But these days...wow. It's like if you don't have sex by 13, then you're considered a loser.


----------



## C3P0 (Apr 10, 2006)

JRob said:


> and im in 10th grade. I feel like such a loser, i cant get a girlfriend because im so shy and i never talk, i see all these people with boyfriends and girlfriends and i think to myself (How do they do it?) Im so sad inside =( gr.......


I'm 30 years old, and I have not kissed a girl on her lips or french kissed a girl. And, in the past, say 29 years, I would not see myself as even having an opportunity to do that.

What you need to do, perhaps like in American Pie, is see if there are other guys who are like yourself, and set up some group pact where you will all try to get girlfriends by particular time. It seems to me that you need peer support. There has to be other people in your class that you can relate to, who like girls, but have no success with them.


----------



## BeNice (Jan 2, 2004)

Kissing is just........ kissing. I made out with a girl I was really not attracted to about a month and a half ago or so. I don't even know why. 

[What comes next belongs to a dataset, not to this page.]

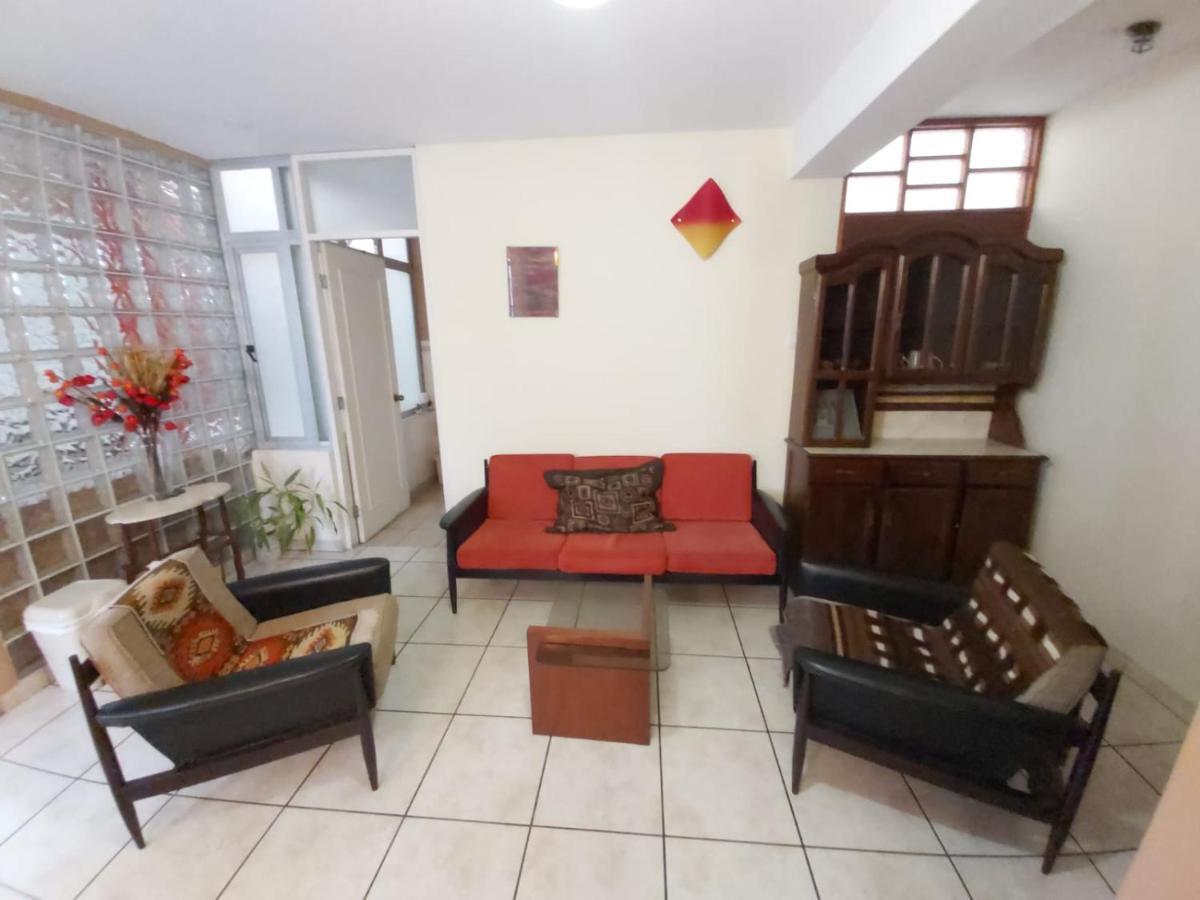 Taytaypa Rooms & Apartments Lima Airport ภายนอก รูปภาพ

WHen you see people together that doesn't mean their lives are complete.. like if they died in that moment their souls will cuddle together forever. For all you know they will go home and ***** and moan with each other over the most trivial crap... especially at your age. And people today seem to dig drama. Maybe the reality TV **** is brainwashing them into thinking that is the way it goes or something. And all those seemingly happy couples... they could be with each other just to be with each othe, just to not be alone... and neither one may know. Especially at 10th grade level. None of that **** lasts. It's just teenage first time love and it's nice but then they go off to college and turn into different people. So, just forget them. while you're crying feeling sorry for yourself your dog probably wants to sit on your lap and watch TV with you... or has to pee and wants you to let him out. either way, you've got somebody.

my advice is terrible.


----------



## RMJS (Jun 9, 2005)

JRob,

Alright, if you're really desperate and really feel like you need a girl, this is what I found helped me the most.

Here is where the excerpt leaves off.